Exercise brief - Your copy should start at the line with "Queen Queen 70s" and end at the line with "FOSSIL 태키미터가 장착된 손목시계" in the data below. Transcribe only those lines, exactly, pictures excluded.

Source material -
= Beginning of Section =
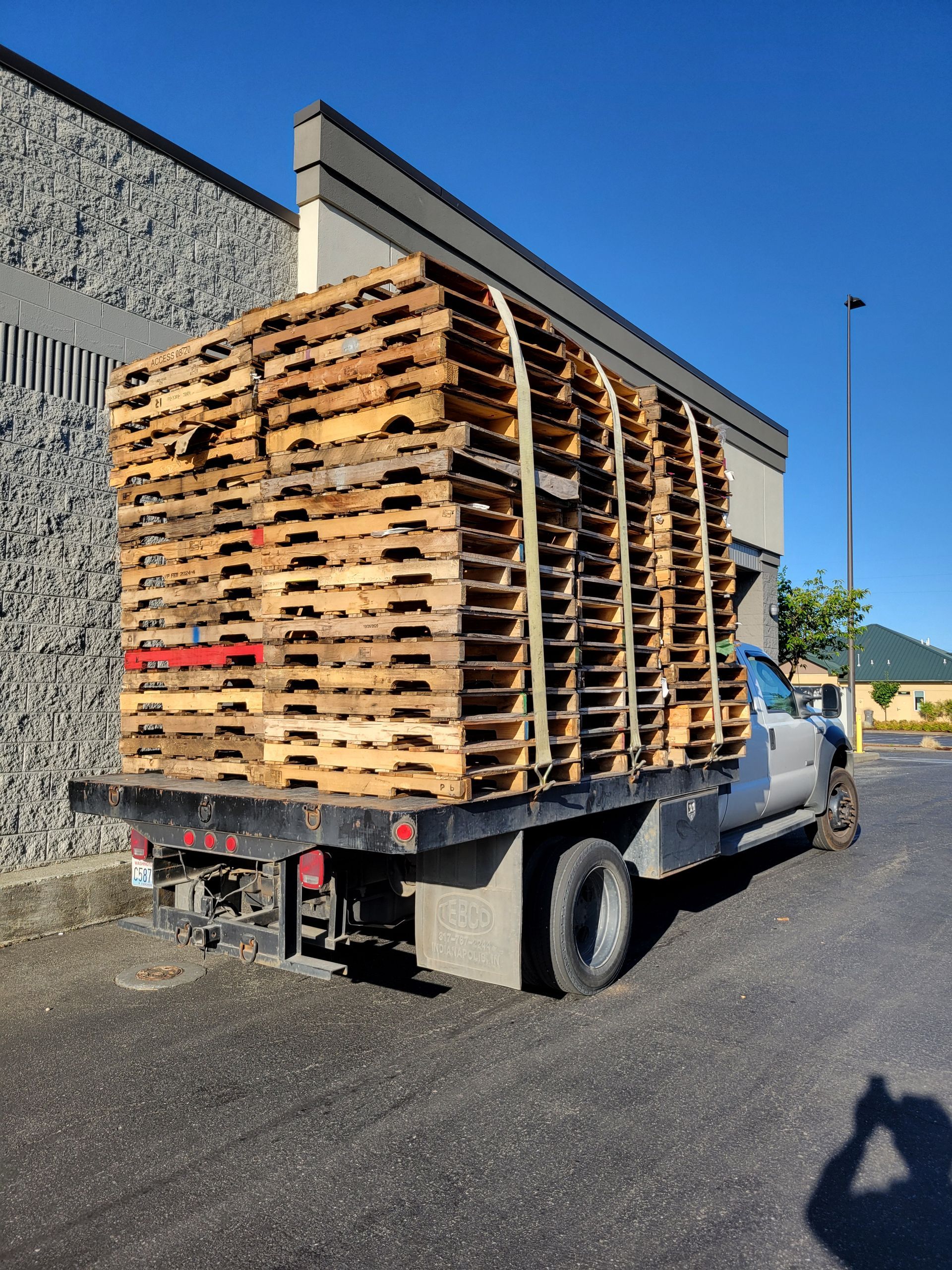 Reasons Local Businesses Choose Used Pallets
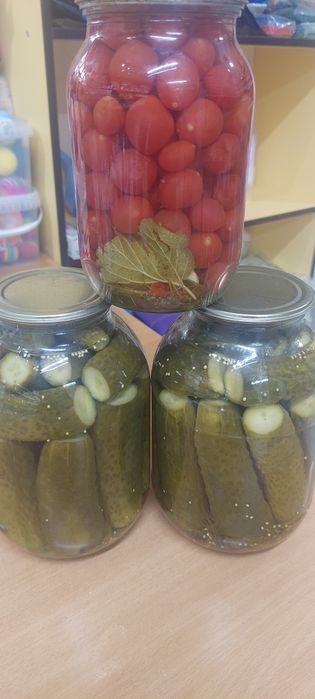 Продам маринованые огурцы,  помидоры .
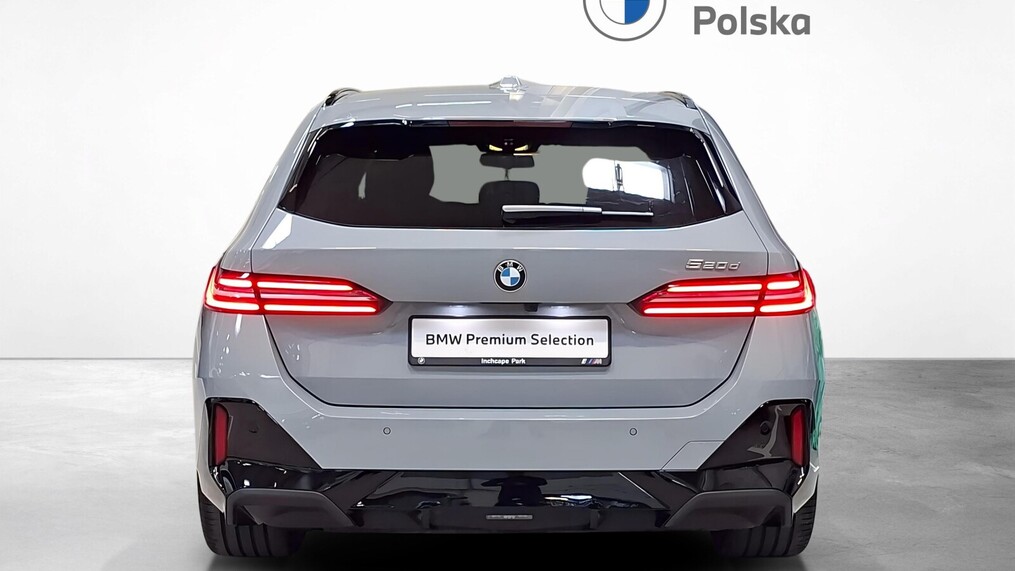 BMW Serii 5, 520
= End of Section =
= Beginning of Section =
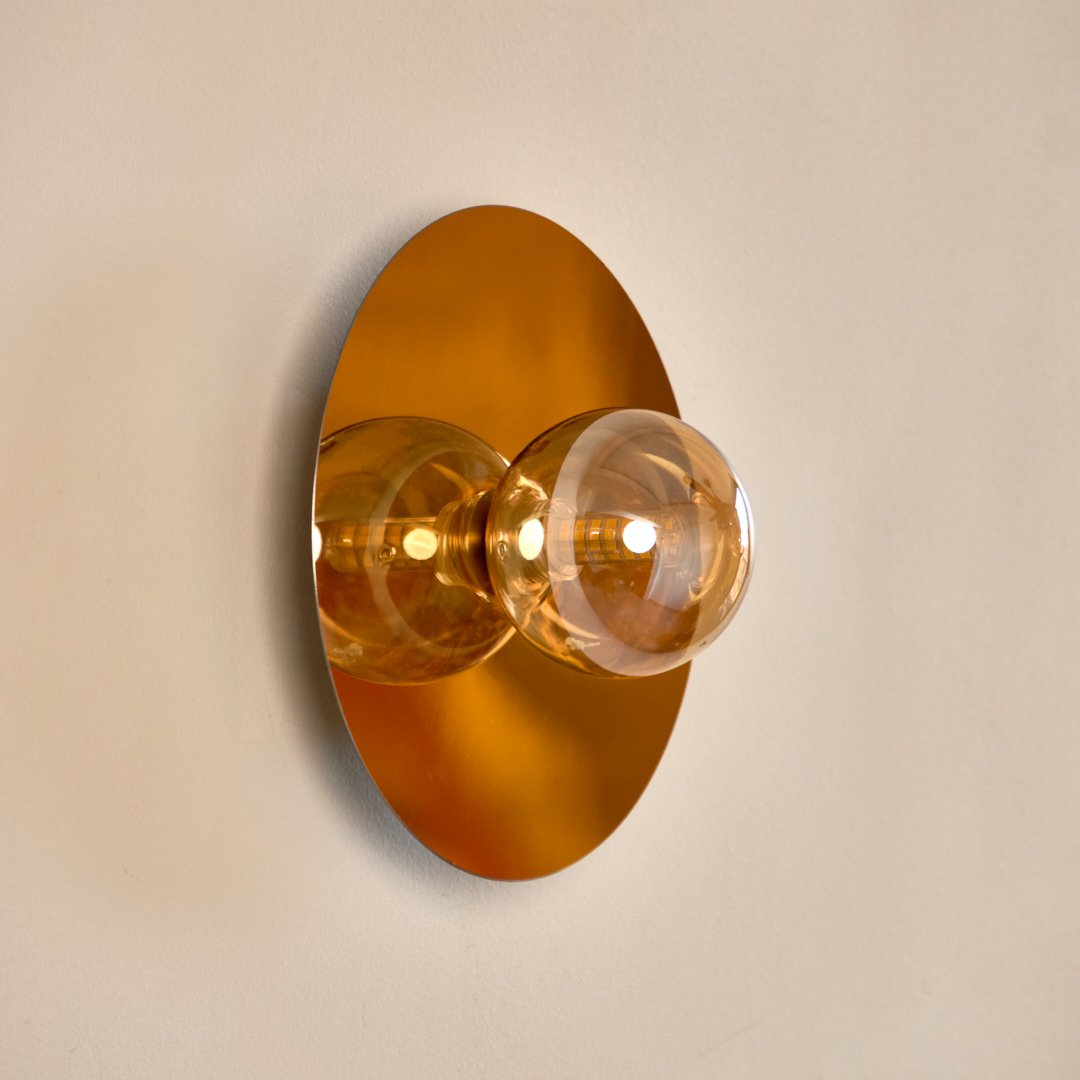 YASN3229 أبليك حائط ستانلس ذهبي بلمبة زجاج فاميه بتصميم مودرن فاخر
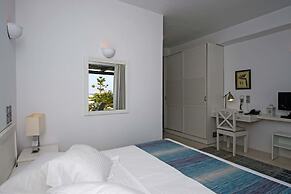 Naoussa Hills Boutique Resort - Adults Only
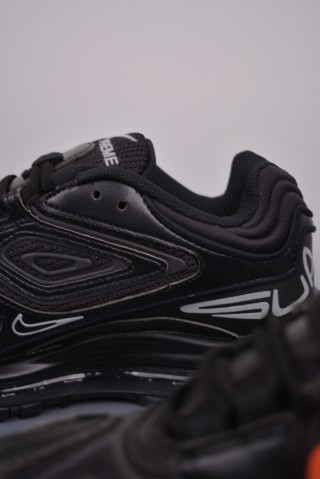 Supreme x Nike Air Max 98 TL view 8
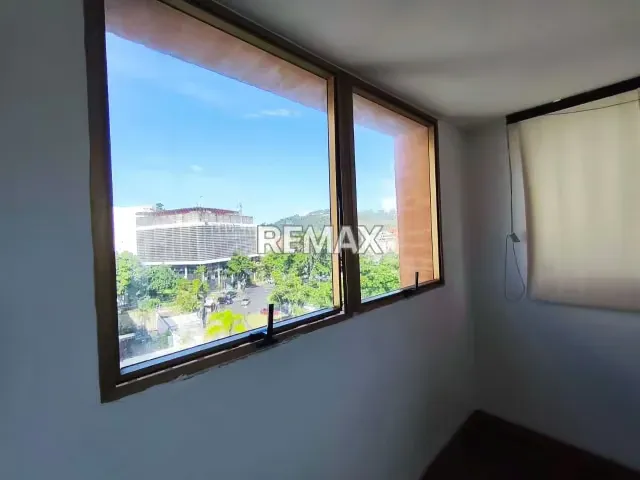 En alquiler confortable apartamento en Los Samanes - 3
= End of Section =
= Beginning of Section =
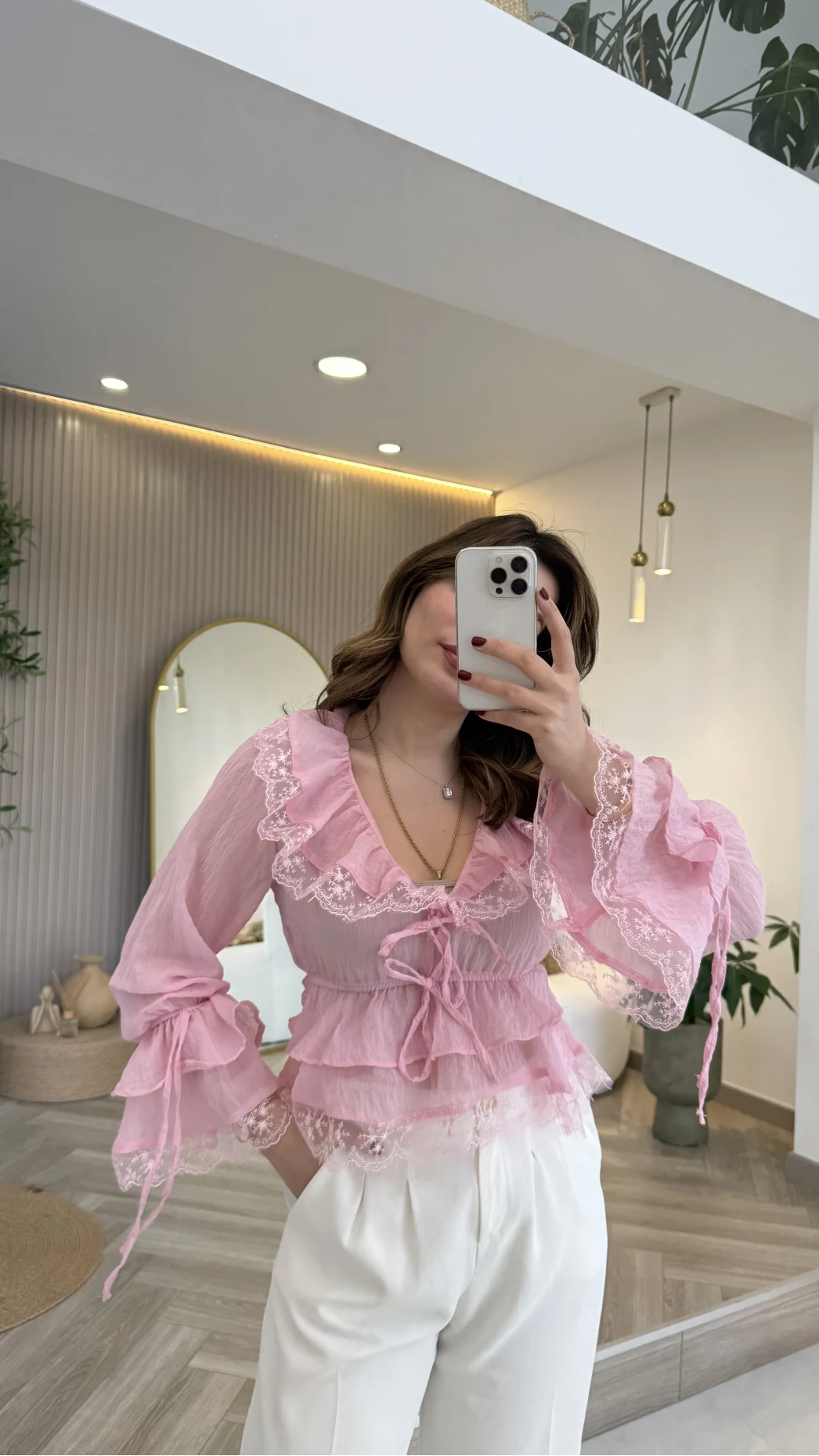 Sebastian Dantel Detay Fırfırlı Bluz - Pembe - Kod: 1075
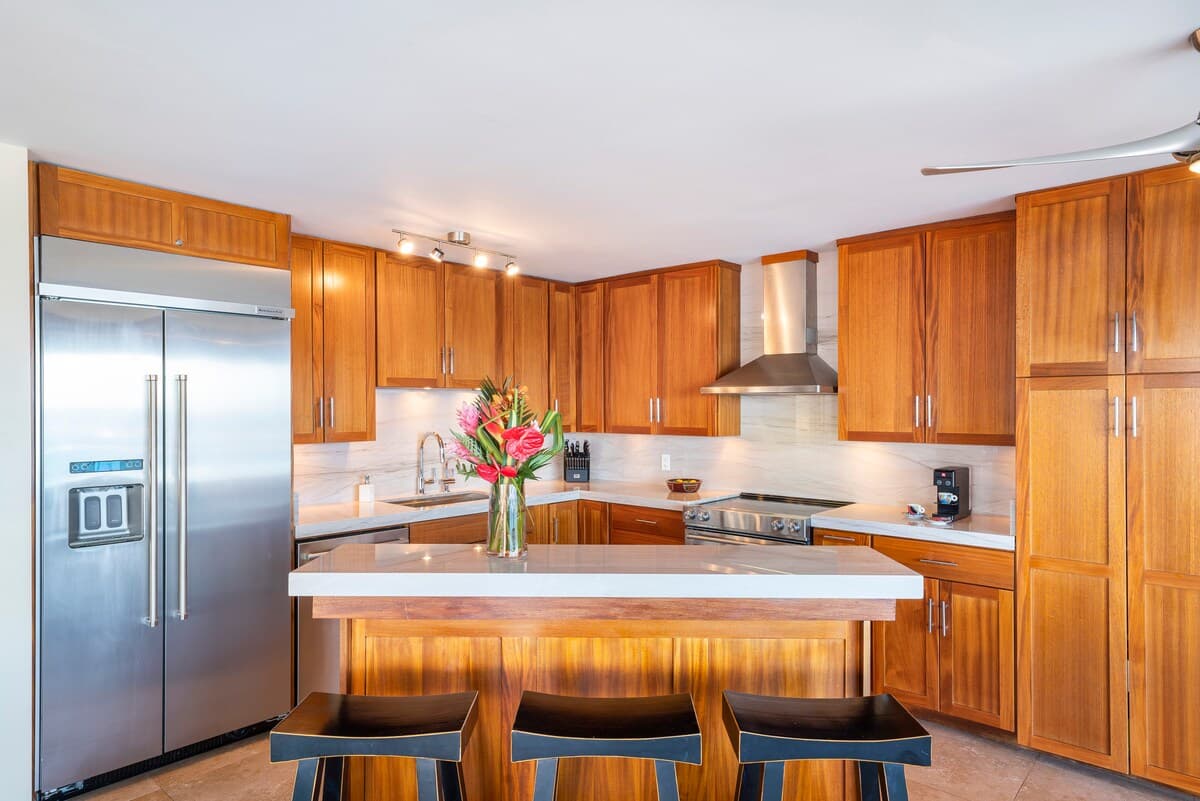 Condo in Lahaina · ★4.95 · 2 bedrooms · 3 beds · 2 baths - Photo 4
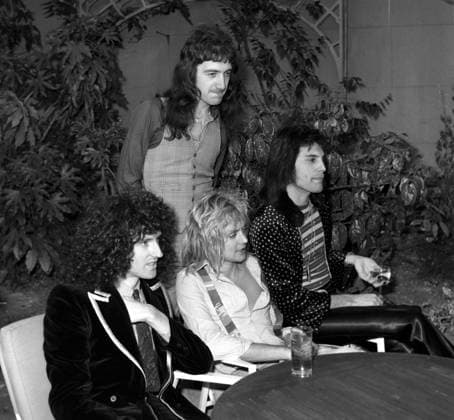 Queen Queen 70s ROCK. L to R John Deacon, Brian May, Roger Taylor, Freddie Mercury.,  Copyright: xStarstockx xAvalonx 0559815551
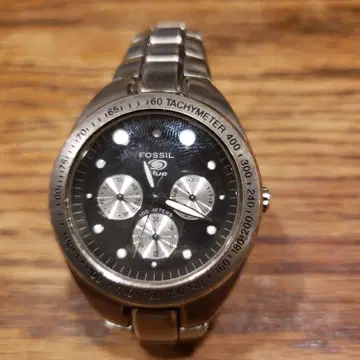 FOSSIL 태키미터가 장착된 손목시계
= End of Section =
Result of this exercise -
 Queen Queen 70s ROCK. L to R John Deacon, Brian May, Roger Taylor, Freddie Mercury.,  Copyright: xStarstockx xAvalonx 0559815551
 FOSSIL 태키미터가 장착된 손목시계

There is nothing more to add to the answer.